Assume that you are interested in data from “South America” during
the first half of 2023. The email and key values below are only
examples. To replicate the output, provide your own credentials as
detailed in the acled_api()
vignette.
library(acledR)
acled_access(email = "your_email", key = "your_key")
df_sa <- acled_api(regions = "South America",
start_date = "2023-01-01",
end_date = "2023-06-01",
monadic = F,
acled_access = TRUE,
inter_numeric = TRUE,
prompt = F)
## Success! Credentials authorized
## Requesting data for 13 country. Accounting for the requested time period and ACLED coverage dates, this request includes approximately 14,693 events.
## Processing API request
## Extracting content from API request
Let’s filter to events involving only the “ELN: National Liberation Army” in any of the primary or associate actor columns:
df_eln <-
df_sa %>%
filter(
# Check main actors
actor1 == "ELN: National Liberation Army" |
actor2 == "ELN: National Liberation Army" |
# Check associate actors
assoc_actor_1 == "ELN: National Liberation Army" |
assoc_actor_2 == "ELN: National Liberation Army"
)
In the filtered events, there are 174 rows, meaning there were 174 events where the “ELN: National Liberation Army” were involved as an actor or associate actor.
Instead of filtering to the events involving a particular actor, you
may wish to calculate the number of events in which each actor in the
dataset participates. This can be difficult with wide (i.e., dyadic)
data, as an actor may be represented in any of the four actor columns.
As such, you cannot simply sum the number of rows in which an actor
appears in one particular column. A simple solution is to transform the
dataset into long form and then calculate event counts for each actor.
You can begin by using the acled_transform_longer()
function:
df_sa_long <- acled_transform_longer(df_sa, type = "full_actors")

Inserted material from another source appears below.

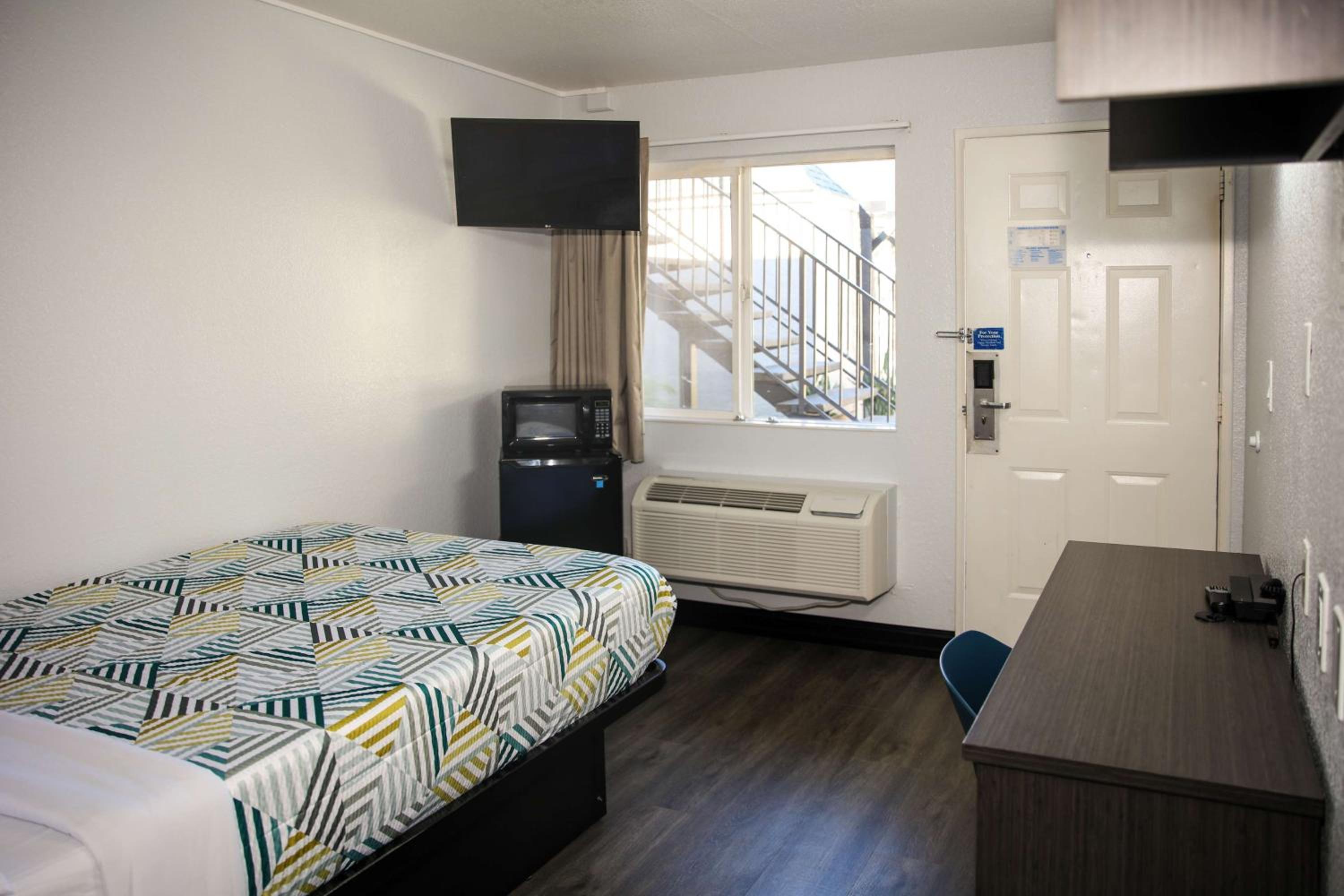 Фото Motel 6 Sacramento, Ca - Old Sacramento North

The dataset is now in long form, with each row representing a single actor in a single event. With this data, you can count the number of rows for each actor, but only after grouping by unique event_id_cnty. It is very important to count rows by unique identifiers because when transforming data to long format, events can be represented in multiple rows equal to the number of actors involved in that event.
library(tidyr)
library(dplyr)
actors_df_sa <-
df_sa_long %>%
group_by(actor) %>%
summarise(n_events = n_distinct(unique(event_id_cnty)))
To verify your results, you can filter actor counts to only “ELN: National Liberation Army”.
## [1] 174
The number of events matches the number of rows you got when first filtering by actor.